The Department of Municipalities and Transport (), formerly as Department of Municipal Affairs (DMA,  ), is a regulatory authority of the Emirate of Abu Dhabi in the United Arab Emirates that is responsible for overseeing and supervising the Emirate's regional municipal councils and municipal administrations.

Responsibilities
The Department of Municipal Affairs achieves the general policies of Abu Dhabi Government by way of supervision and control over the municipal councils in the Abu Dhabi Emirate concerned in providing such services.

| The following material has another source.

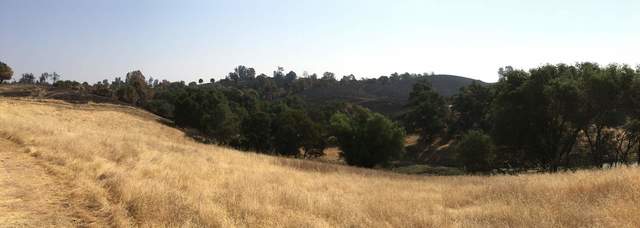 The fire on July 6th burned down to the northeast edge of the pond.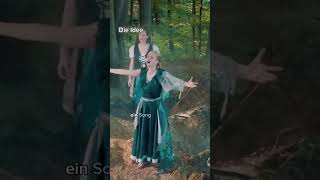 Trivia zu unserem Song Faunus Deum ✨ fairytalefantasy fantasyfolk faun folkband [upl. by Felita]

The Department of Municipal Affairs is responsible for the following:

 To propose the draft laws, regulations related to the municipalities, municipal councils in the emirate of Abu Dhabi including the regulations related to the duties and dynamism of the business of municipalities and municipal councils.

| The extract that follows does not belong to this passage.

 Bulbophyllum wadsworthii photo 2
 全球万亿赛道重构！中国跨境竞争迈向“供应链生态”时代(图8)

The powers of the department are as follows:

 To propose establishing new municipalities.
 To propose the determination and amendment of the geographical sphere of municipalities and their boundaries to be approved by the Executive Council.
 To propose the amendments over the laws regulating the construction in the emirate of Abu Dhabi and the regulation and decisions as executed.
 To propose the draft laws related to the lands registration and to lay the standards of the relative policies and procedures.
 To propose the amendment of the charges of services rendered by the municipalities in the emirate.
 To propose the distribution of the fees income between the department and municipalities.
 To make sure that the applicable policies in the municipalities and municipal councils are in compliance with the policies of the Abu Dhabi Government.
 To receive the annual reports about the municipalities' achievements and municipal councils and municipalities and to file the same to the Executive Council supported with the assessment of the chairman and members of the council and working directors in case the Municipal Councils do not exist.
 To submit all matters and requests related to the Municipalities to the Executive Council.
 To lay a general frame to interact between the municipalities and Municipal Councils and the other governmental bodies in Abu Dhabi emirate in coordination with the municipalities constituted in the emirate.
 To coordinate with the authorities involved in preparing the architectural development in the emirate.
 To co-ordinate between the municipalities and councils and other departments in the emirate as well as to remove any obstacles for work.
 To coordinate among the municipalities in respect of the projects involved in the powers and mandates of some or all of these municipalities for the purposes of determining the best means for supervision over such projects.
 To support the municipalities and Municipal Councils in the emirate of Abu Dhabi and coordinate among each other in respect of developing the financial, administrative and human cadres and skills of the Municipal Council members and municipalities employees.
 To propose, provide and develop the culturing and training programs related to the municipal work of the municipality's employees in the emirate of Abu Dhabi.
 To represent the emirate in the conferences, forums concerned in the municipal affairs.
 To review the proposals of the strategic plans and as well as the budgets plan provided by the municipalities and Municipal Councils in the emirate of Abu Dhabi and to file the same to the Executive Council to be approved.

Current chairman
Majid Al Mansouri

H.E. Majed Ali Al Mansouri
Chairman of the Department of Municipal Affairs
Emirate of Abu Dhabi

H.E Majid Al Mansouri was Secretary General of the Environment Agency – Abu Dhabi (EAD) before becoming Chairman of the DMA.  He joined EAD ten years ago as Assistant Secretary General for Finance & Administration after serving 12 years with the Abu Dhabi National Oil Company Group (ADNOC). 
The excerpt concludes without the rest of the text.